Thursday, March 02, 2006

Lobbyists and Associations Need Fiduciary Insurance

A new rash of lawsuits are on the horizon.

Clients and members of associations are, in light of recent scrutiny of lobbyists activities, becoming more concerned about how their funds are being spent in DC, whether directly or through their lobbyists. Lobbyists who handle or direct client's funds may be determined to be fiduciaries for their clients. The SEC, the Courts, and other regulatory bodies are rapidly expanding the definition of a fiduciary.
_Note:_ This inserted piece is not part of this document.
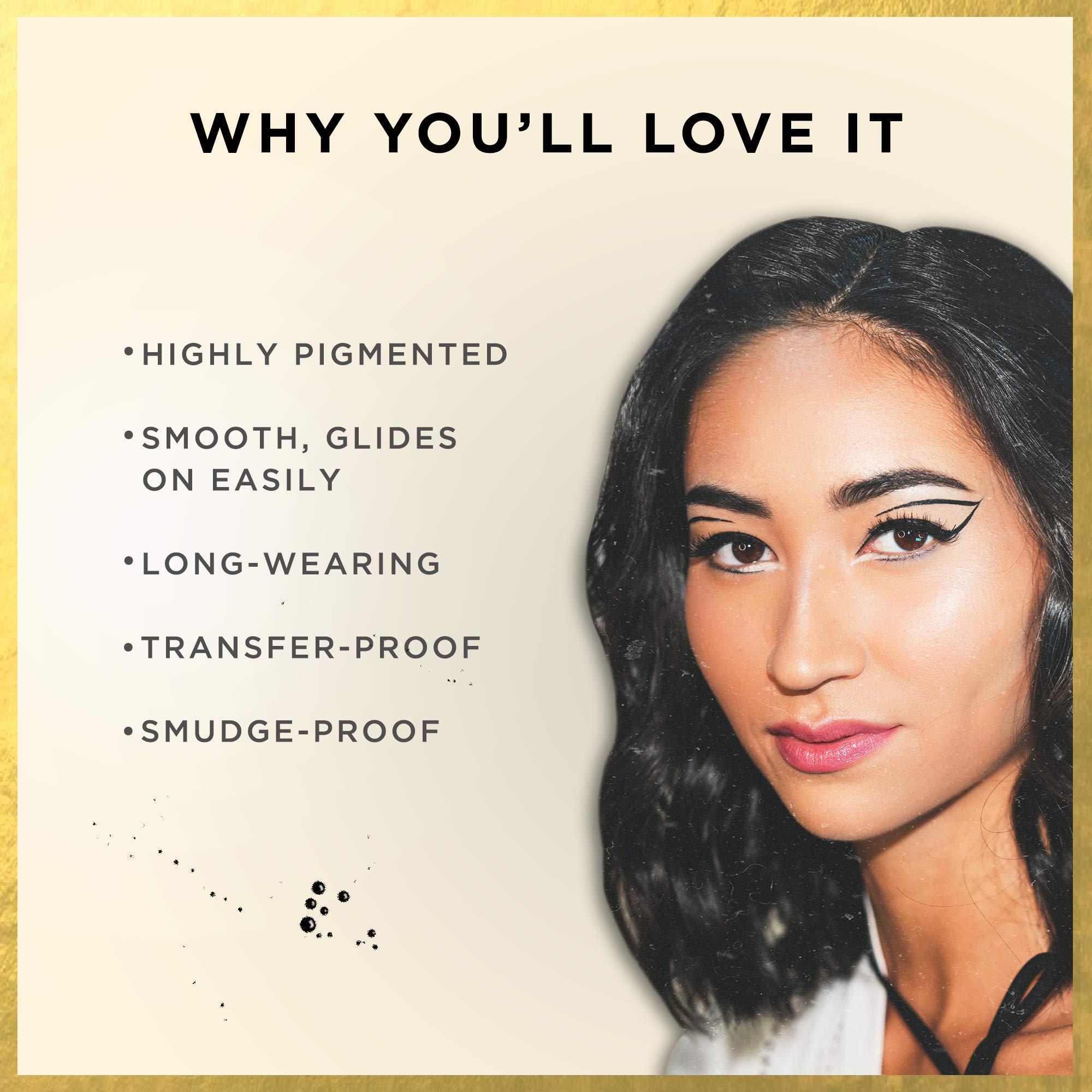 Pretty Vulgar Pretty Vulgar The Ink Gel Eyeliner, Eyeliner enriched with Vitamin C, Linoleic & Linolenic Acids, Highly-Pigmented, Long-Wearing, Quick-Drying, Water-Resistant, 6g / 0.2 Oz.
For lawyers this is usually not a problem, most Professional E&O policies cover fiduciary exposures, although if I were a lawyer-lobbyist I would want to make sure there is not an exclusion in my firm's policy for fiduciary responsibilities. However there are many lobbyists who are not lawyers or lawyers who do not carry professional E&O who have this exposure. They direct the client where to spend money or do it themselves.

The same goes for associations who use their member's funds to promote certain causes in many ways. There is an exposure to a claim that funds were not used in a "prudent" manner. The association's assets or lobbyist assets can very quickly be used up defending such a claim. The McLaughlin Company is developing with its carriers a low-priced exclusive product targeting lobbyists, but we also think that the exposure to associations is possibly even greater. Although the exposure is even greater, most evidence indicates that less than 10% of associations carry fiduciary coverage. A "prudent" association Board of Directors should consult with its Independent agent about fiduciary coverage.

As always we would both really appreciate your thoughts and insights.